Where the convolution $\ast$ is defined by:

$$\langle G\ast F,u\rangle=\langle G\otimes F,u ^\sharp\rangle$$

This seems to agree with wath we've seen.

But if instead of the whole space, we restric our equation to a domain $D$. With Dirichlet boundary conditions: $u\vert_{\partial D}=h$. The solution is:

$$u(x)=\int_D G(x,y)F(y)dV + \int_{\partial D} \frac{\partial G}{\partial n}(x,y) h(y)dS$$

How can this agree with the convolution? The surface integral doesn't seem right (I know the proof of this formula, just that this isn't completely clear).

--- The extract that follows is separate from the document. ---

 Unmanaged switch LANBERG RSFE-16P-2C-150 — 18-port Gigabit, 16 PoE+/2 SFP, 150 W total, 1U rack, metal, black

Furthermore, does this mean that even if we know the Green function and the inhomogeneous term, we can't know the solution since we have to come up with the type of integral we need?

Answer 1

Actually, $$ \int_D G(x,y)F(y) \, dV + \int_{\partial D} \frac{\partial G}{\partial n}(x,y) h(y) \,dS = G * (\mathbf{1}_D + \nabla\cdot (h n\,\sigma_{\partial D})), $$ where $\mathbf{1}_D$ is the indicator function of $D,$ $\sigma_{\delta D}$ is the area measure on $\partial D,$ and $n$ is the normal on $\partial D.$

Here it can be noted that $n\,\sigma_{\partial D} = -\nabla\mathbf{1}_D.$

Answer 2

I would say you actually have the boundary terms in $R^N$ case, but it is just disappears because your data function $f$ is compact supported. Moreover, I suggest you work out the convolution solution for the case that $f$ is only integrable and Holder continuos, then you will have a better understanding how the "boundary" of $R^N$ disappears.